● WHAT THE TASK ASKS: Your answer is the lines below, exactly, from the one that contains "Mexen Rio cabine" through the one that contains "Women's Wool/Cotton Blend Vest Top black", both included.

● DATASET RECORDS:

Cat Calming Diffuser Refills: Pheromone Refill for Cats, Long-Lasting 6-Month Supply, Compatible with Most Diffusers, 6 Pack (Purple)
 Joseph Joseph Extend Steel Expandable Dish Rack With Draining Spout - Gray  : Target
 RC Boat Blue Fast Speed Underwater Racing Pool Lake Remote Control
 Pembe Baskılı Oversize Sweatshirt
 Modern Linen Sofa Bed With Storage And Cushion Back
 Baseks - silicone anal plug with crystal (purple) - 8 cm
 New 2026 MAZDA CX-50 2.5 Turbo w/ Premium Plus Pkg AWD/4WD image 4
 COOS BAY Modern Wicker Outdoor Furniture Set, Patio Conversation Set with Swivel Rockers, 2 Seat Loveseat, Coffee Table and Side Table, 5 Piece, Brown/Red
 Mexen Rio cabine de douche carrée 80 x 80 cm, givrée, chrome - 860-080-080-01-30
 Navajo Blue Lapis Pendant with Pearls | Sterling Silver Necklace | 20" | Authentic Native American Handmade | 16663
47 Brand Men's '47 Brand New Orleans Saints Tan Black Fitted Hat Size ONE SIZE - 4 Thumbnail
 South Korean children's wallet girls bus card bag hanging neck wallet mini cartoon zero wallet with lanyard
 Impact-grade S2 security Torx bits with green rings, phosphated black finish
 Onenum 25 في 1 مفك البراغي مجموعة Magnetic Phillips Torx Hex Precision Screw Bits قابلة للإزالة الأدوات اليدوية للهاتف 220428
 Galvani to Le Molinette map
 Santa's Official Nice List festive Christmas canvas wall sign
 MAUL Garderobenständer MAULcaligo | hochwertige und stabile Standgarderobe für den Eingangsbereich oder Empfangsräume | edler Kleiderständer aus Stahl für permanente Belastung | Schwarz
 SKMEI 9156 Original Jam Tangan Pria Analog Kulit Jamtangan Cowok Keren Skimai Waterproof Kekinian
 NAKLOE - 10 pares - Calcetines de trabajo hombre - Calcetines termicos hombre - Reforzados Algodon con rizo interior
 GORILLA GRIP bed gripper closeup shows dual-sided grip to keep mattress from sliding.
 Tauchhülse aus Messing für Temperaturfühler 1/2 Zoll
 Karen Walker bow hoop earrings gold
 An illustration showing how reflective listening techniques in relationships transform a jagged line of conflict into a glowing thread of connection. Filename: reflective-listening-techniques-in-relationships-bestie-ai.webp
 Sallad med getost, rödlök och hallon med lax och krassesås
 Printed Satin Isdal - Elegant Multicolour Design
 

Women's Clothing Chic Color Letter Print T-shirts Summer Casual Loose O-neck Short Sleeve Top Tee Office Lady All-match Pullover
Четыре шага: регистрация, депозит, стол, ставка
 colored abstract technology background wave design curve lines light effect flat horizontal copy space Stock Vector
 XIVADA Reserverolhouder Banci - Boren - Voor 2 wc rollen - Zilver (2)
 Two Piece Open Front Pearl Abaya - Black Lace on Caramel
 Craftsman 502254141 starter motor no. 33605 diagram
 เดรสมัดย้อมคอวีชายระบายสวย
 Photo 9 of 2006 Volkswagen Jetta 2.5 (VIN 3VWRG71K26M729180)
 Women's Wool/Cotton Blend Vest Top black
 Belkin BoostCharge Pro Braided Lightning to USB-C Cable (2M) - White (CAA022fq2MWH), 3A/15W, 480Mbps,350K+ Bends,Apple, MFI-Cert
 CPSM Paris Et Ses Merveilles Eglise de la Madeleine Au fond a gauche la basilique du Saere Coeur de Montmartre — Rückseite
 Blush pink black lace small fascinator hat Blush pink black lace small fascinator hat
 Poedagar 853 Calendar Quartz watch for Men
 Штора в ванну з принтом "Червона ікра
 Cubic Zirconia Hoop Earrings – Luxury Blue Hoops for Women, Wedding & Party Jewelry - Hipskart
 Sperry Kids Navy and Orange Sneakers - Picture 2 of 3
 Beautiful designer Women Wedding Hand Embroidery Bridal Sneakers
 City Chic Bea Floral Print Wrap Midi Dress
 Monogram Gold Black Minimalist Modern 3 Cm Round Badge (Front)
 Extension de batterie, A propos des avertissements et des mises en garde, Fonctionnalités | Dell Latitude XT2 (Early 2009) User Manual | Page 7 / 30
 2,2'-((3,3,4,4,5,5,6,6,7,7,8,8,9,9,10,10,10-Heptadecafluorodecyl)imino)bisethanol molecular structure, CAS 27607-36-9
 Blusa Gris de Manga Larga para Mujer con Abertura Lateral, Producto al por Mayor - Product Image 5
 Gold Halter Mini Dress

● EXERCISE RESULT:
 Mexen Rio cabine de douche carrée 80 x 80 cm, givrée, chrome - 860-080-080-01-30
 Navajo Blue Lapis Pendant with Pearls | Sterling Silver Necklace | 20" | Authentic Native American Handmade | 16663
47 Brand Men's '47 Brand New Orleans Saints Tan Black Fitted Hat Size ONE SIZE - 4 Thumbnail
 South Korean children's wallet girls bus card bag hanging neck wallet mini cartoon zero wallet with lanyard
 Impact-grade S2 security Torx bits with green rings, phosphated black finish
 Onenum 25 في 1 مفك البراغي مجموعة Magnetic Phillips Torx Hex Precision Screw Bits قابلة للإزالة الأدوات اليدوية للهاتف 220428
 Galvani to Le Molinette map
 Santa's Official Nice List festive Christmas canvas wall sign
 MAUL Garderobenständer MAULcaligo | hochwertige und stabile Standgarderobe für den Eingangsbereich oder Empfangsräume | edler Kleiderständer aus Stahl für permanente Belastung | Schwarz
 SKMEI 9156 Original Jam Tangan Pria Analog Kulit Jamtangan Cowok Keren Skimai Waterproof Kekinian
 NAKLOE - 10 pares - Calcetines de trabajo hombre - Calcetines termicos hombre - Reforzados Algodon con rizo interior
 GORILLA GRIP bed gripper closeup shows dual-sided grip to keep mattress from sliding.
 Tauchhülse aus Messing für Temperaturfühler 1/2 Zoll
 Karen Walker bow hoop earrings gold
 An illustration showing how reflective listening techniques in relationships transform a jagged line of conflict into a glowing thread of connection. Filename: reflective-listening-techniques-in-relationships-bestie-ai.webp
 Sallad med getost, rödlök och hallon med lax och krassesås
 Printed Satin Isdal - Elegant Multicolour Design
 

Women's Clothing Chic Color Letter Print T-shirts Summer Casual Loose O-neck Short Sleeve Top Tee Office Lady All-match Pullover
Четыре шага: регистрация, депозит, стол, ставка
 colored abstract technology background wave design curve lines light effect flat horizontal copy space Stock Vector
 XIVADA Reserverolhouder Banci - Boren - Voor 2 wc rollen - Zilver (2)
 Two Piece Open Front Pearl Abaya - Black Lace on Caramel
 Craftsman 502254141 starter motor no. 33605 diagram
 เดรสมัดย้อมคอวีชายระบายสวย
 Photo 9 of 2006 Volkswagen Jetta 2.5 (VIN 3VWRG71K26M729180)
 Women's Wool/Cotton Blend Vest Top black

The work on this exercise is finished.